Warning:
This wiki has been archived and is now read-only.

EPIM ReportingHub

From RDF Data Shapes Working Group
Jump to: navigation, search

This page describes a use case of constraint checking and data transformation that should be of interest to the WG. This work was undertaken by TopQuadrant and partners including Franz, Inc. for a large Norwegian Oil and Gas project. The resulting EPIM ReportingHub system has been in production since 2012. You can find more technical presentations about this via Google (e.g. https://www.posccaesar.org/svn/pub/SemanticDays/2012/Presentations/May9/10_David_Price.pdf). TopQuadrant has since worked on two equally large and complete applications EPIM EnvironmentHub and EPIM LogisticsHub, all delivered as SaaS with ongoing support for years to come.

In a nutshell, the system is a server that is used by oil producers to upload daily and monthly drilling reports in a pre-defined XML format. The data gets checked against XSD constraints and is then converted into a canonical RDF representation where each XML element essentially becomes an instance of an OWL ontology derived from the XSD. Those RDF instances are then validated against basic integrity constraints, for example to verify that the well bores in the document correspond to a background data (NPD Fact Pages). Those NPD Fact Pages are in a specific named graph based on a different ontology from incoming data.

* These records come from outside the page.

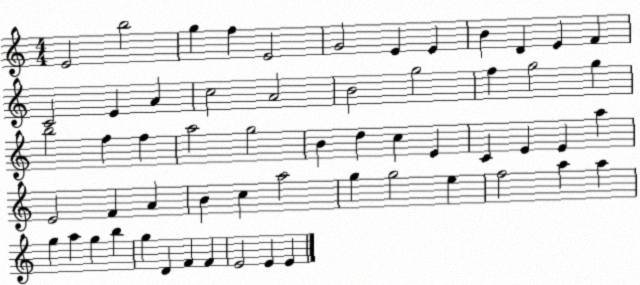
X:1
T:Untitled
M:4/4
L:1/4
K:C
E2 b2 g f E2 G2 E E B D E F C2 E A c2 A2 B2 g2 f g2 g b2 f f a2 g2 B d c E C E E a E2 F A B c a2 g g2 e f2 a a g a g b g D F F E2 E E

Here is an example SPIN constraint from that step:

 CONSTRUCT {
    _:cv a spin:ConstraintViolation ;
        spin:violationRoot ?this ;
        spin:violationPath ddr:nameWellbore ;
        rdfs:label ?message .
 }
 WHERE {
    ?this ep-lib:nameWellbore ?wellBoreName .
    BIND (rhspin:wellBoreByName(?wellBoreName) AS ?wellBore) .
    FILTER (!bound(?wellBore)) .
    BIND (fn:concat("[RH-19] Fact Pages validation of the XML file failed with the following error: Unregistered well bore name ", ?wellBoreName) AS ?message) .
 }

The query above makes use of SPIN functions such as rhspin:wellBoreByName - essentially stored procedures. If such a SPIN function is called, a nested SELECT query is executed. This makes the resulting queries much more readable and modular than having to repeat the same logic again and again.

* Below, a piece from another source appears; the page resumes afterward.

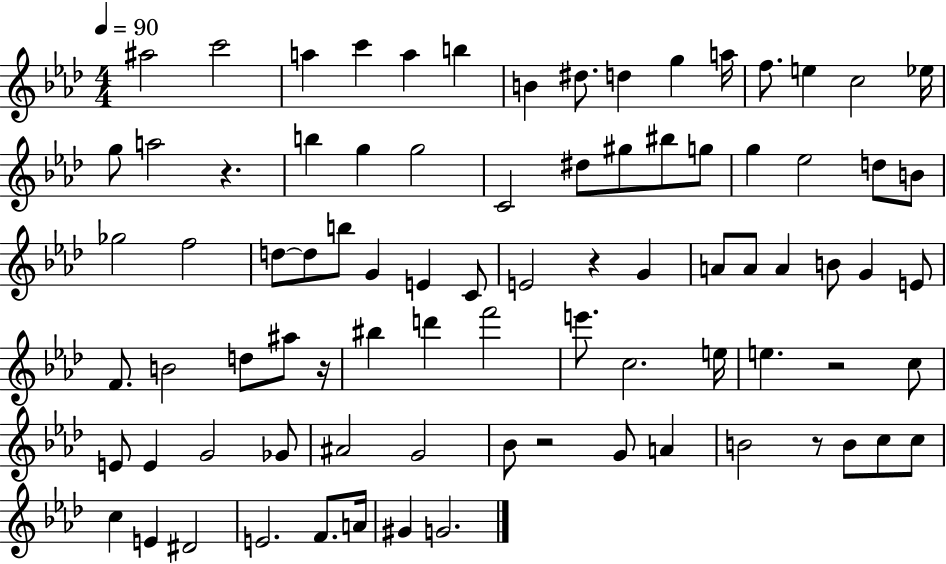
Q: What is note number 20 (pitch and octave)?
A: G5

Once the first step of constraint checking passes, SPIN is used to translate from the canonical RDF representation (derived from the XML) into the target ontology used to store the drilling reports in a triple store. spin:rule is used to attach those transformation queries to the source classes. Here is an example rule, again a SPARQL CONSTRUCT. There are hundreds of rules with similar complexity.

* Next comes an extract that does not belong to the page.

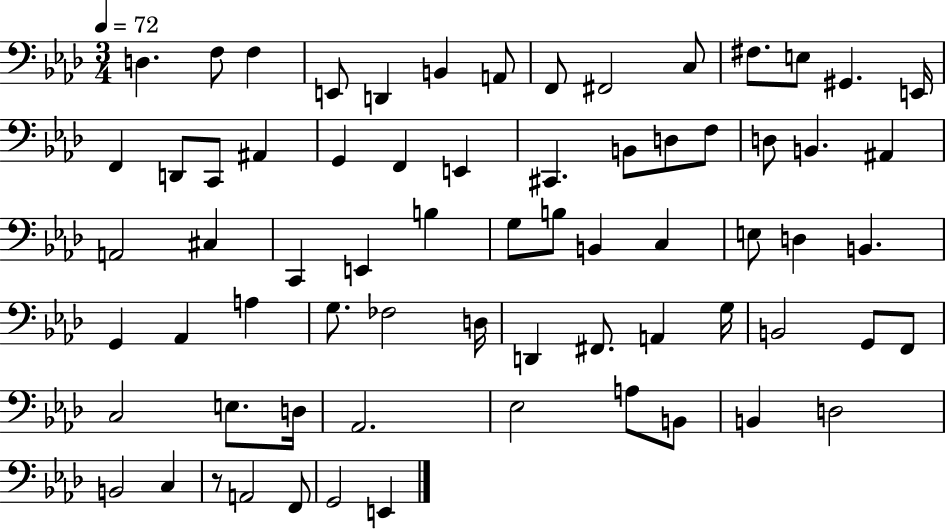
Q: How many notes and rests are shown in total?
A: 69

 # STEP 116 Transfer presTestType
 CONSTRUCT {
    ?dailyDrillingActivityToStatus ep-core:hasPart _:b0 .
    _:b0 a ?pressureTestType .
 }
 WHERE {
    ?this ep-spin-lib:nameWellbore ?nameWellBore .
    ?this ddr:dTimStart ?dTimStart .
    ?this ddr:statusInfoRef ?statusInfo .
    ?statusInfo ddr:dTim ?dTim .
    ?statusInfo ddr:presTestTypeRef ?presTestType .
    BIND (ep-spin-lib:selectPressureTestType(?presTestType) AS ?pressureTestType) .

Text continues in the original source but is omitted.